### DATA BLOCK ###

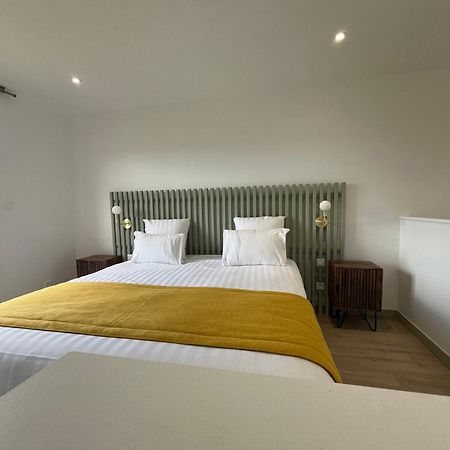 Hotel Du Tregor Треґіє Екстер'єр фото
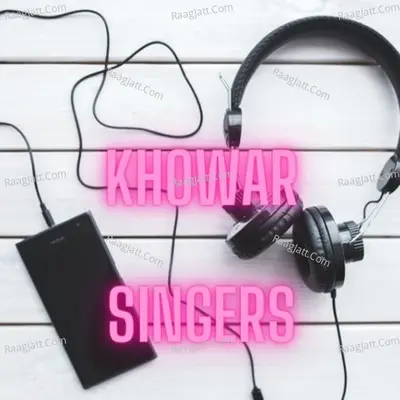 MIX KHOWAR SINGERS, Vol. 38 - KHOWAR SINGER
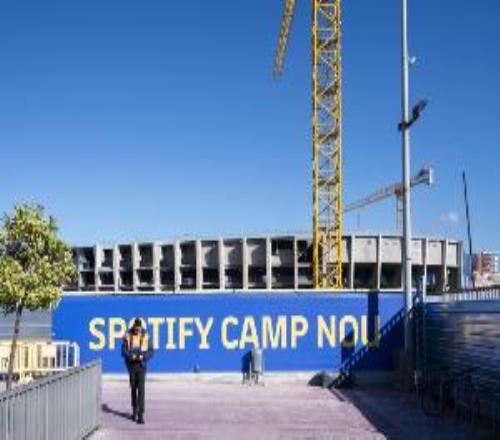 世體：巴薩可能下周一前獲第一階段許可，球場容量將增至62000人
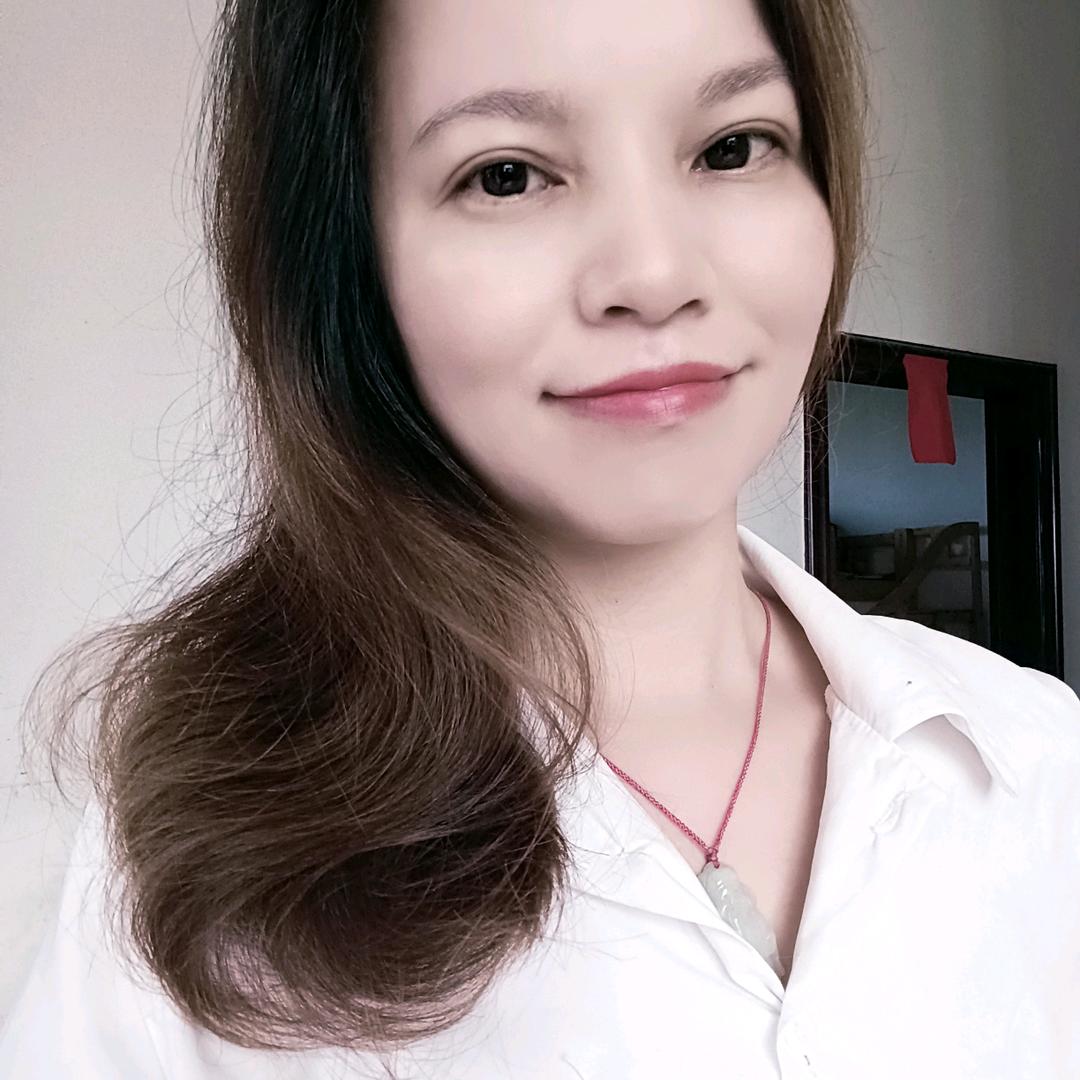 外包客服玲玲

###

TASK PROMPT: Reproduce the data above in full, exactly, with the images removed.

FINISHED TASK:
 Hotel Du Tregor Треґіє Екстер'єр фото
 MIX KHOWAR SINGERS, Vol. 38 - KHOWAR SINGER
 世體：巴薩可能下周一前獲第一階段許可，球場容量將增至62000人
 外包客服玲玲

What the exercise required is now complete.